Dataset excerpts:
● ● ● ●

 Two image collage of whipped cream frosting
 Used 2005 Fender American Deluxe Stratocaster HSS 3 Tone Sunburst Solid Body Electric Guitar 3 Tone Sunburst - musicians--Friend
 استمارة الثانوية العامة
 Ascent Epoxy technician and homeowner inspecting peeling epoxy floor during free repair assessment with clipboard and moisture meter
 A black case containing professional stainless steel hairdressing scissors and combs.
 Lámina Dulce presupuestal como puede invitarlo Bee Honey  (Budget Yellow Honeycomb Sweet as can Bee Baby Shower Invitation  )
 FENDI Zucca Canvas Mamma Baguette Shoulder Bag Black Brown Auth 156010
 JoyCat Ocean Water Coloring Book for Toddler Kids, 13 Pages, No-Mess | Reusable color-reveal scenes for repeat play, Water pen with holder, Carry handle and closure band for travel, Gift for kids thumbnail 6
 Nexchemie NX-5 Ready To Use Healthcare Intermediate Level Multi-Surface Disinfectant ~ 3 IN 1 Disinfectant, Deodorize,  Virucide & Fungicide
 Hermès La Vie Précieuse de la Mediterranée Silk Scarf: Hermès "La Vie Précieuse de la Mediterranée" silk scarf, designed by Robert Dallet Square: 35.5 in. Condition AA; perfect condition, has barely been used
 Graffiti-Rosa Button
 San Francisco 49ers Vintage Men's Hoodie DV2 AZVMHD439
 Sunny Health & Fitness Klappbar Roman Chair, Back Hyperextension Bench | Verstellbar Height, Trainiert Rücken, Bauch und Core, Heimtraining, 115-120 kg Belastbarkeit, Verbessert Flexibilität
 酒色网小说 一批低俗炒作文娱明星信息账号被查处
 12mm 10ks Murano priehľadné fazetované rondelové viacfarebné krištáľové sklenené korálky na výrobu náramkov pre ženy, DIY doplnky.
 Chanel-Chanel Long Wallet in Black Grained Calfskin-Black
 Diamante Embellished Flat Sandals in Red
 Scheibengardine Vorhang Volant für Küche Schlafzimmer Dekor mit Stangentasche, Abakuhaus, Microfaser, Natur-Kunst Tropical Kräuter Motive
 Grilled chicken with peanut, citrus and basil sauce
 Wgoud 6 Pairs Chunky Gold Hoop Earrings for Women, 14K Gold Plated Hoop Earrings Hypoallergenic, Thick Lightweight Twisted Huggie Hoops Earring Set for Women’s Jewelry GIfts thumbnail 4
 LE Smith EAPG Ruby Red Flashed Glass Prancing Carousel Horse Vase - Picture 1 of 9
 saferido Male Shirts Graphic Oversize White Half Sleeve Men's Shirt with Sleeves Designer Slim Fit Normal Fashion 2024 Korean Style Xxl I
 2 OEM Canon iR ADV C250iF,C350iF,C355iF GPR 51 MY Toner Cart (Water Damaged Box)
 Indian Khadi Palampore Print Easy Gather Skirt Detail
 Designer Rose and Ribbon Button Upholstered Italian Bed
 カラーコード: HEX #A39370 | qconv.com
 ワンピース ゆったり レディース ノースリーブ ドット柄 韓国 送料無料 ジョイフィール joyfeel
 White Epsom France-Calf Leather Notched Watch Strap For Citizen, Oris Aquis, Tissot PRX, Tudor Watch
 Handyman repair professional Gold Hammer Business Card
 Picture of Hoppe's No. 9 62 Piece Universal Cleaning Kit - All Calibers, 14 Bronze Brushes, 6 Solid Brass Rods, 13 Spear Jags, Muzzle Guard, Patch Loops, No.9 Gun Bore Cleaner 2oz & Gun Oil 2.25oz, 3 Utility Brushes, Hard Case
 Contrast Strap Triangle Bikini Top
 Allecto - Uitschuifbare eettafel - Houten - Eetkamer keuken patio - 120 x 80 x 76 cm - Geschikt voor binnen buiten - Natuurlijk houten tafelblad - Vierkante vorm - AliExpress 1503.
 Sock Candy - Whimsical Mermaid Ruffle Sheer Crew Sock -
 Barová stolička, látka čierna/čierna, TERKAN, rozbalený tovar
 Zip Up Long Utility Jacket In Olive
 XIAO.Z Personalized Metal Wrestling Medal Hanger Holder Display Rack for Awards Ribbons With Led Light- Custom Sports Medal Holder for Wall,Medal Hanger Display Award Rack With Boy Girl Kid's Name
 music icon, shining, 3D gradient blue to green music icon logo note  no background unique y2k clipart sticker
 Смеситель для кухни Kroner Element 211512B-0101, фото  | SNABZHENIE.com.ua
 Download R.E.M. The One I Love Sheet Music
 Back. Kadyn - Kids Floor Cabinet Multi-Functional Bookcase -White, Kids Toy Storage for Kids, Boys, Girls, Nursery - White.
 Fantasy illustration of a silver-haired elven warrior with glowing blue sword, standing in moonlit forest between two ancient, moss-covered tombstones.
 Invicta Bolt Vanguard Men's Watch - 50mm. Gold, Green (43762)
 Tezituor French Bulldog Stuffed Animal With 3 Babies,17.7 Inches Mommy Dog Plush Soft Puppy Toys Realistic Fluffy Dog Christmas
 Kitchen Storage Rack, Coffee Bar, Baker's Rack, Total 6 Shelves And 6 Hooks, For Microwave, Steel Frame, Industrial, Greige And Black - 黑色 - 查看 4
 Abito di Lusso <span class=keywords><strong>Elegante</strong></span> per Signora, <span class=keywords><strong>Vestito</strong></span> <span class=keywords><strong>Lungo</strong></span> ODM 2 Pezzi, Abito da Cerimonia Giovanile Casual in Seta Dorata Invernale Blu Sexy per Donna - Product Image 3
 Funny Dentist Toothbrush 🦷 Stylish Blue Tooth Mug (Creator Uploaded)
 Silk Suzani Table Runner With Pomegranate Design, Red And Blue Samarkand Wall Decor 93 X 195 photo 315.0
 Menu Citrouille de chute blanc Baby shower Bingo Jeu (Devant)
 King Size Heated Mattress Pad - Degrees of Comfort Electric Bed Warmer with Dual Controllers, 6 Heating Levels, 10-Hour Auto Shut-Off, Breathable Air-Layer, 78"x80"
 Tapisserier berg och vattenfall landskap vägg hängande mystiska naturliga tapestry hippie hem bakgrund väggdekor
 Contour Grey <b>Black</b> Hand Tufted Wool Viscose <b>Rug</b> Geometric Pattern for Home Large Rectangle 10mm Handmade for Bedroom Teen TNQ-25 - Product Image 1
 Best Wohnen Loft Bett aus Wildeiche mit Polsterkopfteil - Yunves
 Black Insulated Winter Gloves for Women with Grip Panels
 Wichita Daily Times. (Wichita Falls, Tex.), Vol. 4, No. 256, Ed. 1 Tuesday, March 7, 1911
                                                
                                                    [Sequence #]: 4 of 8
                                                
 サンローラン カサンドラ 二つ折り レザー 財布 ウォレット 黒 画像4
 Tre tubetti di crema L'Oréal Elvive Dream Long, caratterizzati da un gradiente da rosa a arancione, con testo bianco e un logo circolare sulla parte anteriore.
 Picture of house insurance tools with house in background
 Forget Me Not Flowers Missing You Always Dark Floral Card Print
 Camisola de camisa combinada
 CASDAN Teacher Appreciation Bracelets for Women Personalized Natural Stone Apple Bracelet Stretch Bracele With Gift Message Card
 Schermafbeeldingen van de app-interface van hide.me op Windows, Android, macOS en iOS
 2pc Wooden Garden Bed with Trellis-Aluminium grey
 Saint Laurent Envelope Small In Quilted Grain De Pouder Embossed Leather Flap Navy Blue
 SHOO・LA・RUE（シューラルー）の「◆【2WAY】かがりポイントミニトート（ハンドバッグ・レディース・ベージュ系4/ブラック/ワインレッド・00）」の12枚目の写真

● ● ● ●

● Exercise requirements
Please copy the line holding "Best Wohnen Loft" and all lines after it to the end of the records, exactly, and nothing else.

● Result
 Best Wohnen Loft Bett aus Wildeiche mit Polsterkopfteil - Yunves
 Black Insulated Winter Gloves for Women with Grip Panels
 Wichita Daily Times. (Wichita Falls, Tex.), Vol. 4, No. 256, Ed. 1 Tuesday, March 7, 1911
                                                
                                                    [Sequence #]: 4 of 8
                                                
 サンローラン カサンドラ 二つ折り レザー 財布 ウォレット 黒 画像4
 Tre tubetti di crema L'Oréal Elvive Dream Long, caratterizzati da un gradiente da rosa a arancione, con testo bianco e un logo circolare sulla parte anteriore.
 Picture of house insurance tools with house in background
 Forget Me Not Flowers Missing You Always Dark Floral Card Print
 Camisola de camisa combinada
 CASDAN Teacher Appreciation Bracelets for Women Personalized Natural Stone Apple Bracelet Stretch Bracele With Gift Message Card
 Schermafbeeldingen van de app-interface van hide.me op Windows, Android, macOS en iOS
 2pc Wooden Garden Bed with Trellis-Aluminium grey
 Saint Laurent Envelope Small In Quilted Grain De Pouder Embossed Leather Flap Navy Blue
 SHOO・LA・RUE（シューラルー）の「◆【2WAY】かがりポイントミニトート（ハンドバッグ・レディース・ベージュ系4/ブラック/ワインレッド・00）」の12枚目の写真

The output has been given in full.